Reserving a campsite at Jamaica State Park substantially enhances the adventure providing boaters access to two separate river runs; the upper Class III and the lower Class II. Truly hardy river rats can walk from their tents to stand endlessly in line for the park shuttle. My preference, drive to the dam. The park also offers several hiking trails and a former railroad bed follows the upper West providing running, walking and biking opportunities. During release weekend, vendors sell boats and whitewater gear. In short, it’s a celebration of an outdoor paradise.
This year, my friend Jean reserved a deluxe campsite for eight adjacent to the river that included a lean-to, space for several tents, and a large picnic table. Since most of us were retired, Team Crotchety seemed an accurate appellation. About a dozen younger noisier Chowderheads were appropriately located on the other side of the campground.
On the first day of the release, eight of us were up early on a sunny morning for the strenuous trek over the dam. Ahead of the crowd, only a handful of paddlers enthusiastically gathered in the calm water above Initiation Rapid. While not complex, Initiation is the steepest longest falls on the river. Swiftly tumbling through a confusing maze of barely submerged boulders and boat flipping holes, everyone had a successful venture.
After a half mile, we passed the park shuttle launch. Still in advance of the multitudes, hundreds of boaters would soon follow. The upper West is a continuum of entertaining rapids almost all of them containing numerous play spots. Two years ago, I replaced a wave surfing kayak with a more comfortable version that alleviated irritation in my arthritic hips. The tradeoff is more comfort but diminished performance. Envious of my spirited companions, I contemplated bringing a play boat next year and enduring the pain.

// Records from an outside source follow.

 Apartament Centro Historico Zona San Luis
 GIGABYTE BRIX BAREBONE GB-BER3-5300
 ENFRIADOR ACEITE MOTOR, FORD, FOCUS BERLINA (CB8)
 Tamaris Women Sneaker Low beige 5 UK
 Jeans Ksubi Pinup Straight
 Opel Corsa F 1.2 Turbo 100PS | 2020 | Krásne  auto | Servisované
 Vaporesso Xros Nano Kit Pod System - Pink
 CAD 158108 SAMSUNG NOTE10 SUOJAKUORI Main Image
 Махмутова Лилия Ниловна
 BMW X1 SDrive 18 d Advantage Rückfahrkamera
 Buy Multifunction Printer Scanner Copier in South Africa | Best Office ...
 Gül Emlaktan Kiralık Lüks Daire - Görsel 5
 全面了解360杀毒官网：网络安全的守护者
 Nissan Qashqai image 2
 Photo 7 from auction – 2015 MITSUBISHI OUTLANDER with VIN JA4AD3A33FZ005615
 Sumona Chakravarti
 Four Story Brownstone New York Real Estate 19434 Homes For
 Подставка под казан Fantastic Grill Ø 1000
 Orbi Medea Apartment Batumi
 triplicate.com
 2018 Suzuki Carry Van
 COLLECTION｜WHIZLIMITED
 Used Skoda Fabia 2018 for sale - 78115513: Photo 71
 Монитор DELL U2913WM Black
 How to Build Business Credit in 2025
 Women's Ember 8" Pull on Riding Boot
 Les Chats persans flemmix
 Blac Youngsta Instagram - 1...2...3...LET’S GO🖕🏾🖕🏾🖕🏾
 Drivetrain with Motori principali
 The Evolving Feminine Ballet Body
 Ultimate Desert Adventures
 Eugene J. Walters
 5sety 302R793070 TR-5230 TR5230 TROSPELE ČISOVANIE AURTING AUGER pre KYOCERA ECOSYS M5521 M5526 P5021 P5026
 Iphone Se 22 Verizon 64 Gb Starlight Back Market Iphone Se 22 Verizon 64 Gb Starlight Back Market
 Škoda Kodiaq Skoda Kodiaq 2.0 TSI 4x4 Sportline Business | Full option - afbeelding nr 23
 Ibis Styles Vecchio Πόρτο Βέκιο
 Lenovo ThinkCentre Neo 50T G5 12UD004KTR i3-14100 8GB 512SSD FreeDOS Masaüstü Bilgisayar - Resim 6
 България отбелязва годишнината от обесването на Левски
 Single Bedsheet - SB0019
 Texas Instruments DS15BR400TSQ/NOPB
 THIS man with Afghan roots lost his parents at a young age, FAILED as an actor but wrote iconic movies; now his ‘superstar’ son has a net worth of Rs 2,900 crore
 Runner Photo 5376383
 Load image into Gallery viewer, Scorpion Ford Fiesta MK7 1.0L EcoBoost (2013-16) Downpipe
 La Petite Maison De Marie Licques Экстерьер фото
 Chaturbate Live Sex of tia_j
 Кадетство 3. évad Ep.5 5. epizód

Following an abundance of exhilarating paddling, the most technical rapid on the river, The Dumplings, was encountered. Huge boulders create several attenuated channels that topple around and between them, providing numerous opportunities for upset. Scores of park campers hike the path to an overlook to view the excitement, some hoping for carnage. Our venerable group disappointed any disaster seekers acing it.
Navigating several more rapids, Team Crotchety arrived at our riverside campsite for lunch. Temperatures had risen to the high seventies, unheard of during my history with the West. Following a leisurely respite, it was déjà vu all over again. In the past, we’ve often completed three trips, once four. No more. I’ve aged beyond that excess, two is my limit. After a nap in my tent, I biked to The Dumplings to take photos of the youthful Chowderheads completing late afternoon descents.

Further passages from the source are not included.